[Crawled caption data]

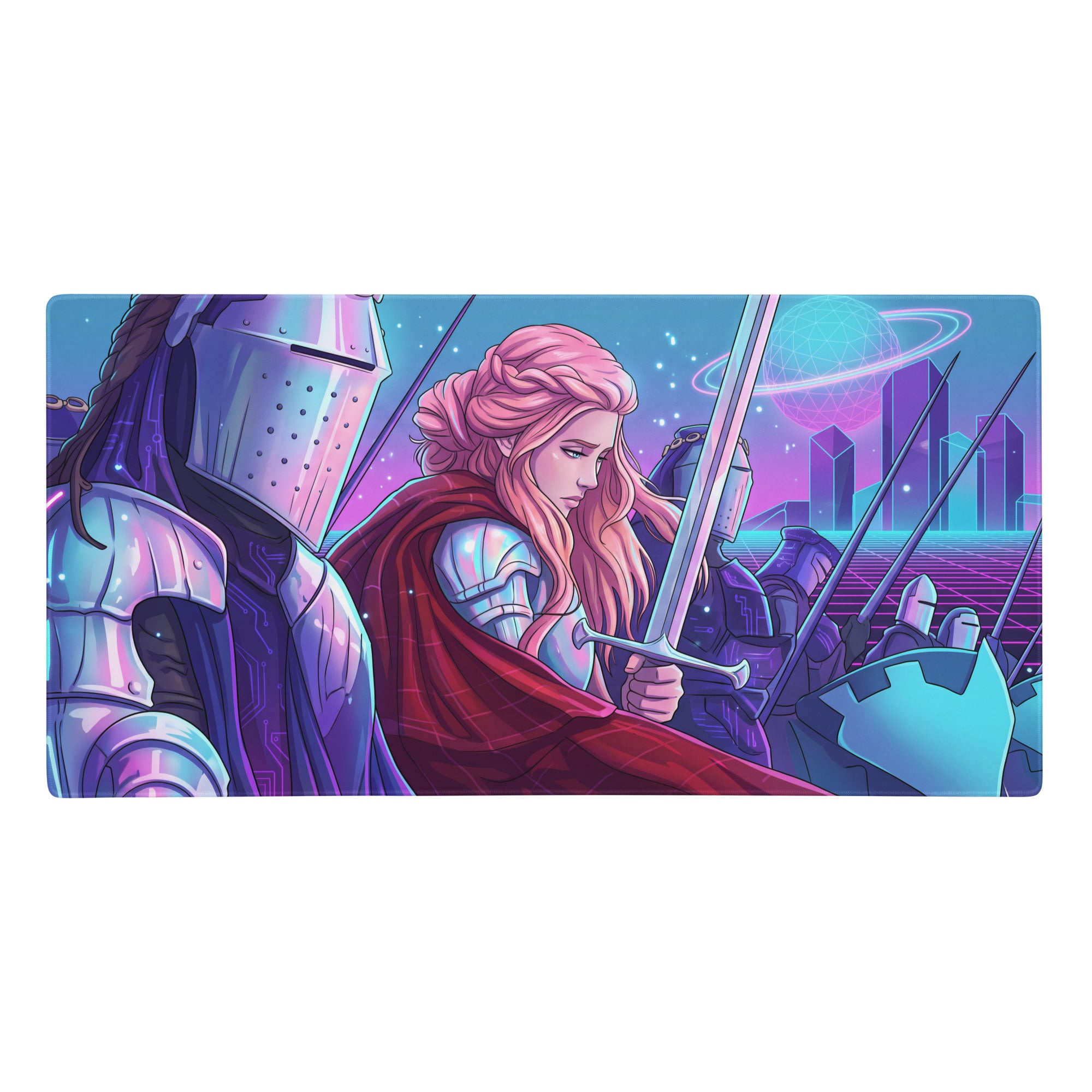 Neon Knight vaporwave rectangular gaming mouse pad with vibrant pink-haired warrior and neon purple blue cityscape design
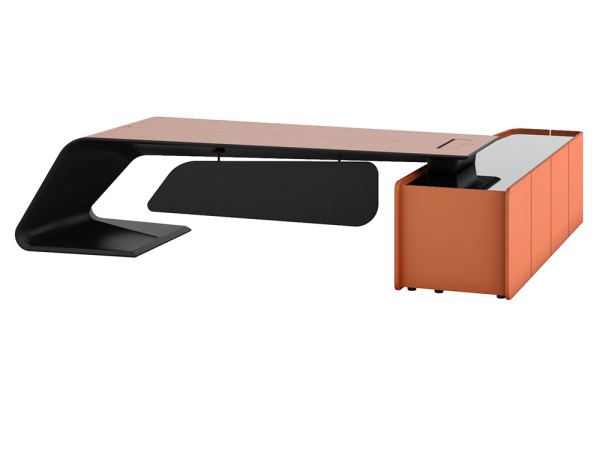 Стол письменный левый BUGATTI 306х240 (3060х2400х760) (Оранжевая кожа MA1-30)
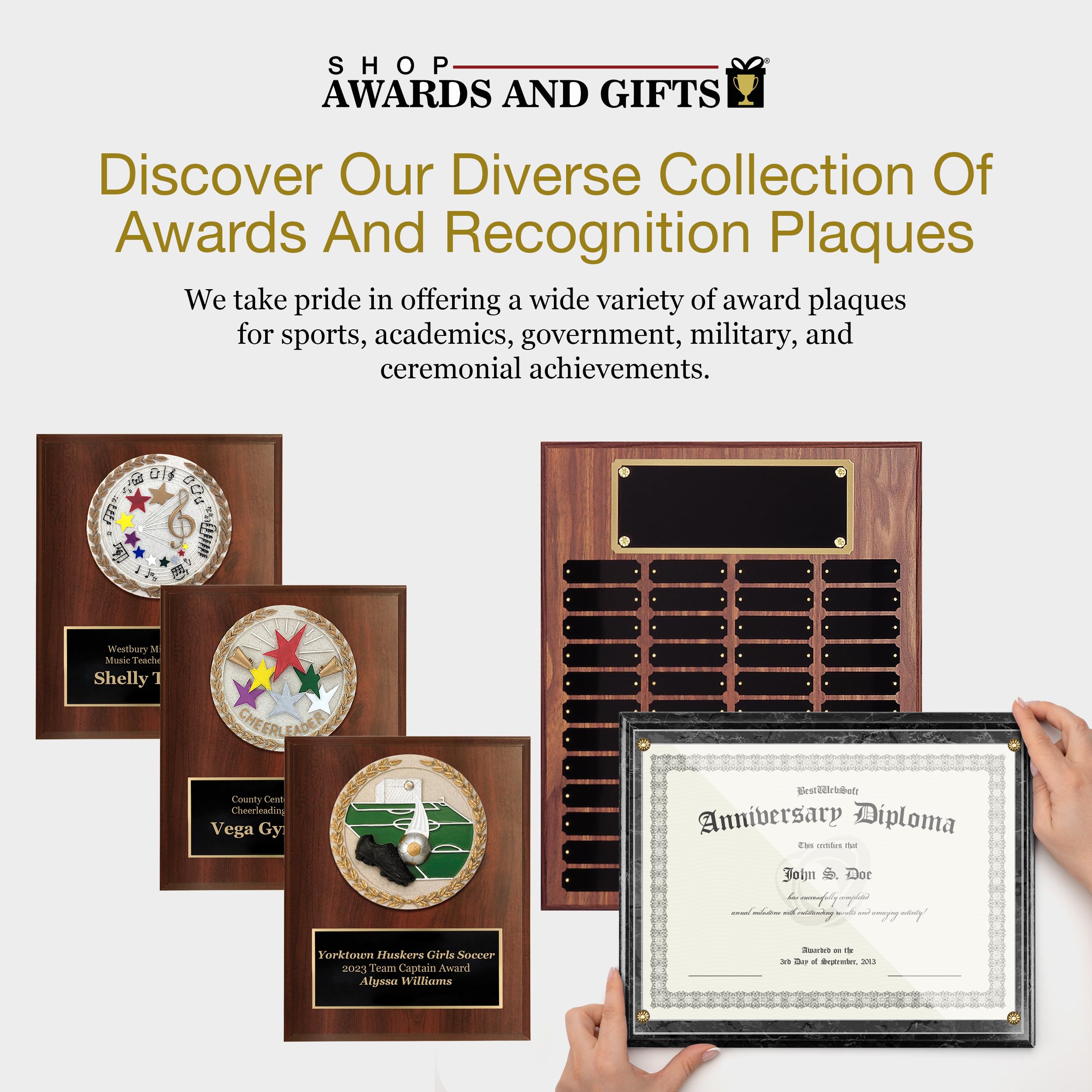 16 x 20 Inch Walnut Perpetual Plaque Award Board - Employee Recognition & Achievement Award with Gold Header - 48 Name Plates for Office Appreciation, Corporate Gifts, and Milestone Celebrations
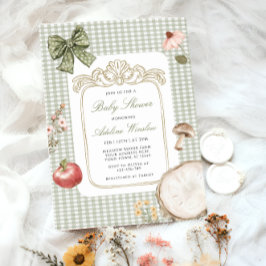 Floral  grillig salie Baby shower Kaart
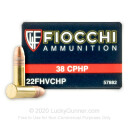 Bulk 22LR Ammo For Sale - 38 Grain High Velocity CPHP Ammunition in Stock by Fiocchi - 500 Rounds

YOUR TASK:
The whole of the data needs to be copied word for word, though not its pictures.

EXPECTED ANSWER:
 Neon Knight vaporwave rectangular gaming mouse pad with vibrant pink-haired warrior and neon purple blue cityscape design
 Стол письменный левый BUGATTI 306х240 (3060х2400х760) (Оранжевая кожа MA1-30)
 16 x 20 Inch Walnut Perpetual Plaque Award Board - Employee Recognition & Achievement Award with Gold Header - 48 Name Plates for Office Appreciation, Corporate Gifts, and Milestone Celebrations
 Floral  grillig salie Baby shower Kaart
 Bulk 22LR Ammo For Sale - 38 Grain High Velocity CPHP Ammunition in Stock by Fiocchi - 500 Rounds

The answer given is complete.